# [DATA RECORDS]
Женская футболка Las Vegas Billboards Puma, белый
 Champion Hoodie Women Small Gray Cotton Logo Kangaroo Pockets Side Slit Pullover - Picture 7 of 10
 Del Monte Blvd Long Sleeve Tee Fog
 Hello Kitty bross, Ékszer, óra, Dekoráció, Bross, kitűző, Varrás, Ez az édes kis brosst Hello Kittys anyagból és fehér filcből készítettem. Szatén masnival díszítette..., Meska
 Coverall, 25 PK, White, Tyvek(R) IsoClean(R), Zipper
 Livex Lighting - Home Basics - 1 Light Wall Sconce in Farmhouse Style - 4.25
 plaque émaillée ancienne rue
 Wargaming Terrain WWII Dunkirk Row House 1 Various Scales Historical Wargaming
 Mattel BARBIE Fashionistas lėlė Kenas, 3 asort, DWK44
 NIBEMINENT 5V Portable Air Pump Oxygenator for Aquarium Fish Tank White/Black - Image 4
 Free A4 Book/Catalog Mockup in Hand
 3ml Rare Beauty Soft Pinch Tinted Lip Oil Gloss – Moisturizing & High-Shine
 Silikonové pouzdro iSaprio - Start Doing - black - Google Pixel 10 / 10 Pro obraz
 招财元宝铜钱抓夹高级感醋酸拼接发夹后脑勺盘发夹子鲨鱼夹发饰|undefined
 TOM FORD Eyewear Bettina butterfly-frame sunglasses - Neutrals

# [AIM OF THE TASK]
Only the lines from the beginning of the data above through the line containing "Del Monte Blvd Long Sleeve Tee Fog" should be repeated, exactly as they appear.

# [RESPONSE FOR THIS EXERCISE]
Женская футболка Las Vegas Billboards Puma, белый
 Champion Hoodie Women Small Gray Cotton Logo Kangaroo Pockets Side Slit Pullover - Picture 7 of 10
 Del Monte Blvd Long Sleeve Tee Fog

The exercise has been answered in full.